*WORK INSTRUCTIONS*.
Copy the lines below exactly, starting at the line that contains "Skoda Superb 2.0 TDI L&K DSG - 9" and stopping after the last line, and include no other lines.

Short text fragments from websites:
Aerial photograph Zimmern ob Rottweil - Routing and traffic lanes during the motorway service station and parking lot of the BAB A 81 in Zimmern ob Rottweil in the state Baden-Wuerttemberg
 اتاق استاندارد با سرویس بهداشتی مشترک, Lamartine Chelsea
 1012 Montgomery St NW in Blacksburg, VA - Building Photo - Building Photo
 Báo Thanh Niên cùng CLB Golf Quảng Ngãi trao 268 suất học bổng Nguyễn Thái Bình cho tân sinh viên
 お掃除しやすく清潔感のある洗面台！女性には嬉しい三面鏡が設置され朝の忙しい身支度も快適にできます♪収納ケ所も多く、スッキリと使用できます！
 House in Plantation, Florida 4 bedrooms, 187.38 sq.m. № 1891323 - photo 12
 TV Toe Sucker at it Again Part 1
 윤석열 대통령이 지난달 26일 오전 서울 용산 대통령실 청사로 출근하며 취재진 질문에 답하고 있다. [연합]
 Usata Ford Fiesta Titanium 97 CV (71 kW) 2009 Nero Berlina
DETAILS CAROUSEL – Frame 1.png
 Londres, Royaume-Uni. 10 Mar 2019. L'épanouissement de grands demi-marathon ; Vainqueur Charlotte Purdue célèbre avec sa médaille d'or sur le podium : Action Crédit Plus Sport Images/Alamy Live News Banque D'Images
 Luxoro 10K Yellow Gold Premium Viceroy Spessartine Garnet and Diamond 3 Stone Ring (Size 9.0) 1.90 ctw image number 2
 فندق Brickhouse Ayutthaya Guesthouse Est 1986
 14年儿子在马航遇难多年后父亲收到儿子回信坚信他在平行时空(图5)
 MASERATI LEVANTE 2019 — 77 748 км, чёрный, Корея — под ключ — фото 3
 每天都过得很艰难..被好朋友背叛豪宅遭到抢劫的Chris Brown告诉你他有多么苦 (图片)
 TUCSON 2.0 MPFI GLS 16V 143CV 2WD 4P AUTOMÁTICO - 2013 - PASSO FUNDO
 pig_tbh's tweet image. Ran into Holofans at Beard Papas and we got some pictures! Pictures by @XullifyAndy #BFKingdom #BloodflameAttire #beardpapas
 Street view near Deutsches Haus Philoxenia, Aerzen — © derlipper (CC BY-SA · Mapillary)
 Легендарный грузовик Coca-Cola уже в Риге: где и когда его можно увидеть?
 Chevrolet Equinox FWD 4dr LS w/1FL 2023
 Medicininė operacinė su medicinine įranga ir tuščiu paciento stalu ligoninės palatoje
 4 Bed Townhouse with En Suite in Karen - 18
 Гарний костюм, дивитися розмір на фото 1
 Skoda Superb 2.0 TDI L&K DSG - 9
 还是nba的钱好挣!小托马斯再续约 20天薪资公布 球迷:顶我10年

*ANSWER BOX*.
 Skoda Superb 2.0 TDI L&K DSG - 9
 还是nba的钱好挣!小托马斯再续约 20天薪资公布 球迷:顶我10年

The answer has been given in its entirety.